The Centre for Climate Change and Food Security (CCCFS) has sounded the alarm following the early spillage of the Bagre Dam in Burkina Faso, describing the situation as a “grave concern” and calling for urgent reforms to prevent another round of devastating floods in the Northern regions.
In a statement issued by CCCFS on August 26, the Burkinabè utility company SONABEL began releasing water from the Bagre Dam on 25 August 2025 two days ahead of schedule as the reservoir approached critical levels.
The dam currently stands at 234.27 metres, or 90.24% of its capacity, just 0.73 metres shy of its maximum retention limit.
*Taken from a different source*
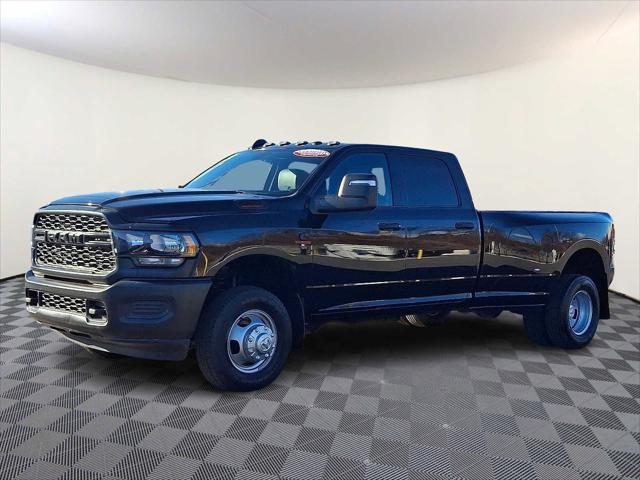 2024 RAM 3500 Tradesman Crew Cab 4x4 8 Box 2024 RAM 3500 Tradesman Crew Cab 4x4 8 Box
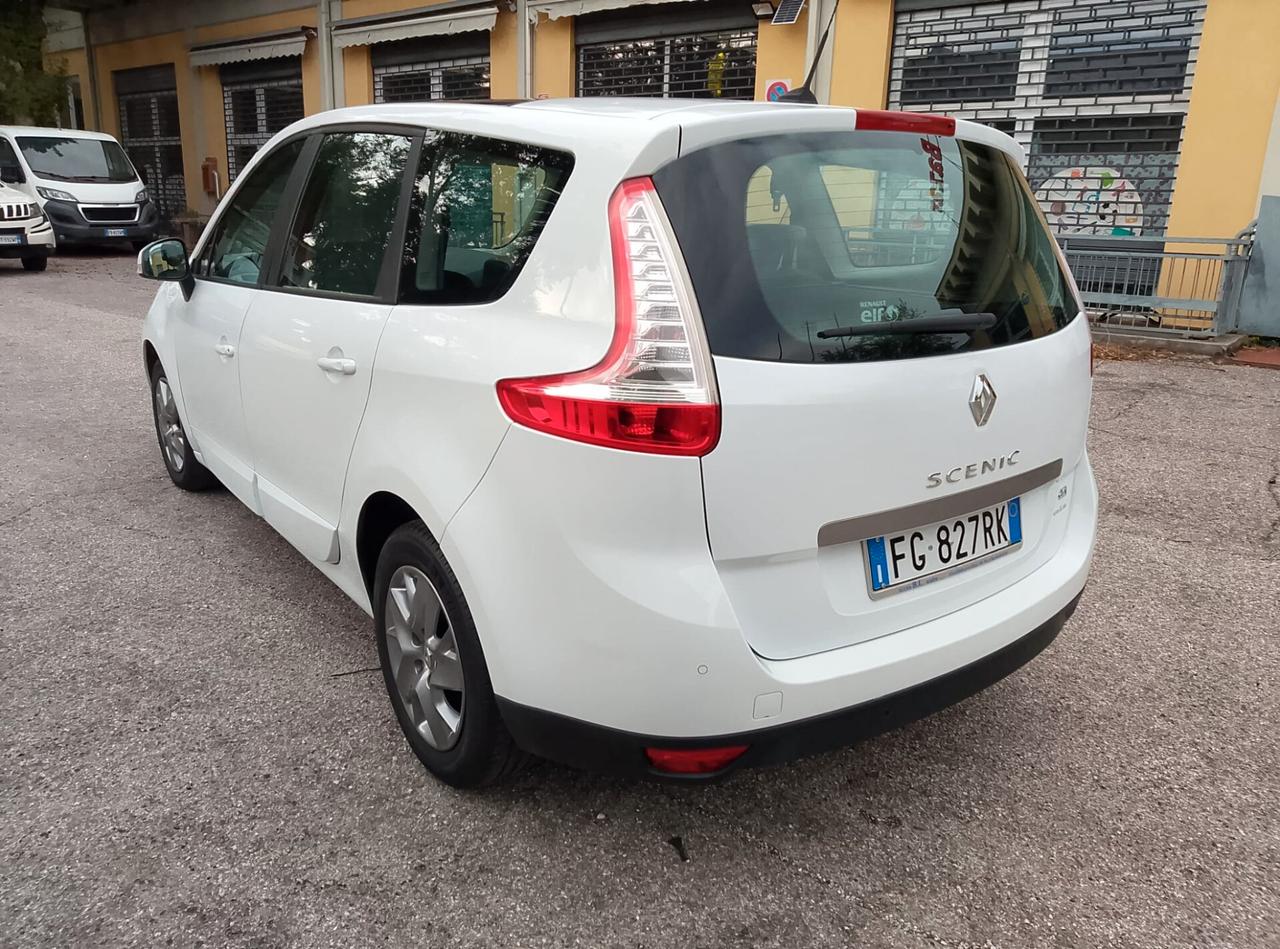 Renault Scenic Scénic X-Mod 1.5 dCi 110CV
The nearby Kompienga Dam is also nearing its threshold, raising fears of compounded flooding in the coming days.
Ghana’s Water Resources Commission and the National Disaster Management Organisation (NADMO) have since advised communities along the White and Black Volta rivers to evacuate immediately to higher ground, as downstream flooding now appears imminent.
A Country Still Reeling
The CCCFS warns that the early release of Bagre comes at a time when Ghana has yet to fully recover from the catastrophic controlled spills from the Akosombo and Kpong dams in 2023.
That disaster displaced over 35,000 people across the Volta Region, crippling infrastructure and leaving many communities, such as Mepe, Battor, and Sogakope, submerged and dependent on relief aid.
Two years on, many survivors remain in temporary shelters and have yet to rebuild their lives.
“To face another flood before the wounds of Akosombo and Kpong have healed is unconscionable,” said a spokesperson for CCCFS. “Ghana is being forced into an annual cycle of destruction that is neither sustainable nor acceptable.”
A Recurring Nightmare
Spillage from the Bagre Dam has become a near-annual catastrophe for northern Ghana. The consequences are far-reaching: homes destroyed, roads washed away, farmlands submerged, and thousands displaced.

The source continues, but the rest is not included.